Problem:
Here I plot 2 datasets stored in textfiles (in list dataset
) each containing 21.8 billion data points. This makes the data too large to hold in memory as an array. I am still able to graph them as histograms, but I'm unsure how to calculate their difference via a 2 sample KS test. This is because I cannot figure out how to access each histogram in the plt object.
Example:
Here is some code to generate dummy data:
mu = [100, 120]
sigma = 30
dataset = ['gsl_test_1.txt', 'gsl_test_2.txt']
for idx, file in enumerate(dataset):
dist = np.random.normal(mu[idx], sigma, 10000)
with open(file, 'w') as g:
for s in dist:
g.write('{}\t{}\t{}\n'.format('stuff', 'stuff', str(s)))
This generates my two histograms (made possible here):
chunksize = 1000
dataset = ['gsl_test_1.txt', 'gsl_test_2.txt']
for fh in dataset:
# find the min, max, line qty, for bins
low = np.inf
high = -np.inf
loop = 0
for chunk in pd.read_table(fh, header=None, chunksize=chunksize, delimiter='\t'):
low = np.minimum(chunk.iloc[:, 2].min(), low)
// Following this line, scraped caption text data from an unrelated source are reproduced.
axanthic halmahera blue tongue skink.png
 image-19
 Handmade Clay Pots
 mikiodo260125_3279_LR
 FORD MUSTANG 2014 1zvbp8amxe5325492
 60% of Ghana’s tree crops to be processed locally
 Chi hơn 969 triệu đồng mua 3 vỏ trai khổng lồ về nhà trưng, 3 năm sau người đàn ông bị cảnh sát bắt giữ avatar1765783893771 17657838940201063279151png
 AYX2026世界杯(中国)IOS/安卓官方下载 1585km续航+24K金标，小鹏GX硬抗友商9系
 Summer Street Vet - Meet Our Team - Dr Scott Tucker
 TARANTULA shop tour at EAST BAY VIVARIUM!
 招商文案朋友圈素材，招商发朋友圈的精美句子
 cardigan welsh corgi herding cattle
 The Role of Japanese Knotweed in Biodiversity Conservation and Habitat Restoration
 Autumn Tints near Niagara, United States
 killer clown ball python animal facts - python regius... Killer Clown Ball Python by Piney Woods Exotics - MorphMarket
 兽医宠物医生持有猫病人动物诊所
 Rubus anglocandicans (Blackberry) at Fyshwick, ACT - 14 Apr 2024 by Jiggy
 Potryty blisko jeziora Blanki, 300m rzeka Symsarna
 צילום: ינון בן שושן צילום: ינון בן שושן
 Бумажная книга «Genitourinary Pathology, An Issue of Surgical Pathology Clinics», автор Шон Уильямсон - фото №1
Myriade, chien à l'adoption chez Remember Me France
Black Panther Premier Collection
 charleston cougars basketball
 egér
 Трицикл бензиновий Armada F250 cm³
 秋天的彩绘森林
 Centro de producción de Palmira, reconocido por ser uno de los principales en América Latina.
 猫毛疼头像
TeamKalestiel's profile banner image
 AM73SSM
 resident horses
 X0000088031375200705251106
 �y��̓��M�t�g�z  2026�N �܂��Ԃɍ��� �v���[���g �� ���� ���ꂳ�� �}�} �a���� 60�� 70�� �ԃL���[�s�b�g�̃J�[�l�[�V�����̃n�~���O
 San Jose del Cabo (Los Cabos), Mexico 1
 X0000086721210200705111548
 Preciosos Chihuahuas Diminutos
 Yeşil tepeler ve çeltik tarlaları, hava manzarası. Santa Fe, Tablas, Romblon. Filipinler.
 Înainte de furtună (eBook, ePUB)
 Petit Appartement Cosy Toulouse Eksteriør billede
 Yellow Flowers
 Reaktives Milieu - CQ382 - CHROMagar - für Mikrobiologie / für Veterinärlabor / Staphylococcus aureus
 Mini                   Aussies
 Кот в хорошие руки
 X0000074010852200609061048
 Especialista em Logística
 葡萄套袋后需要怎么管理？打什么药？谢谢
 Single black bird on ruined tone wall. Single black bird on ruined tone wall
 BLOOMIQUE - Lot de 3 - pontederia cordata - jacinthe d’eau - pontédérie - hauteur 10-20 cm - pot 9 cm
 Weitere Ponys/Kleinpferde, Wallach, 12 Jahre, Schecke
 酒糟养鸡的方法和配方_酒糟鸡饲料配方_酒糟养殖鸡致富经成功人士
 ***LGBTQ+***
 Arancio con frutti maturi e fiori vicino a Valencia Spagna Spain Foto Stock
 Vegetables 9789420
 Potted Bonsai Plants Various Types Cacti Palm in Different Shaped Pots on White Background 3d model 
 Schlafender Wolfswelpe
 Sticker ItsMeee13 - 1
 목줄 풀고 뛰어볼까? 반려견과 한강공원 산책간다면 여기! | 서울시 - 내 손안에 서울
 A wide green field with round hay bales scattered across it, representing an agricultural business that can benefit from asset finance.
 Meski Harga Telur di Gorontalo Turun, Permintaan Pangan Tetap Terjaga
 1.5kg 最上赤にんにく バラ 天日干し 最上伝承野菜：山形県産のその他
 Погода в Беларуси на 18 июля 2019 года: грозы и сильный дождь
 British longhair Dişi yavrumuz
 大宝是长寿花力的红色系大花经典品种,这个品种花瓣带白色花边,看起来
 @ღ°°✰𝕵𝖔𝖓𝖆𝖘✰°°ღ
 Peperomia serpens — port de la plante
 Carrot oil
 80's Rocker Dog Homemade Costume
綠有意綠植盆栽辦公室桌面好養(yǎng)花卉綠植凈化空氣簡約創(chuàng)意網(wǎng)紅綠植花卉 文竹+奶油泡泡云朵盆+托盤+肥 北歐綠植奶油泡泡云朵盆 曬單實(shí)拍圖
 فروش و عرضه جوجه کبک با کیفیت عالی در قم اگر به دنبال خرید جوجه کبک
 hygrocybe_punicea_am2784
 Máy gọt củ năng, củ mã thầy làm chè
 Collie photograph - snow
high = np.maximum(chunk.iloc[:, 2].max(), high)
loop += 1
lines = loop*chunksize
nbins = math.ceil(math.sqrt(lines))
bin_edges = np.linspace(low, high, nbins + 1)
total = np.zeros(nbins, np.int64) # np.ndarray filled with np.uint32 zeros, CHANGED TO int64
for chunk in pd.read_table(fh, header=None, chunksize=chunksize, delimiter='\t'):
# compute bin counts over the 3rd column
subtotal, e = np.histogram(chunk.iloc[:, 2], bins=bin_edges) # np.ndarray filled with np.int64
# accumulate bin counts over chunks
total += subtotal
plt.hist(bin_edges[:-1], bins=bin_edges, weights=total)
plt.savefig('gsl_test_hist.svg')
Question:
Most examples for KS-statistics employ two arrays of raw data/observations/points/etc, but I don't have enough memory to use this approach. Per the example above, how can I access these precomputed bins (from 'gsl_test_1.txt'
and 'gsl_test_2.txt'
to compute the KS statistic between the two distributions?
Bonus karma: Record the KS statistic and pvalue on the graph!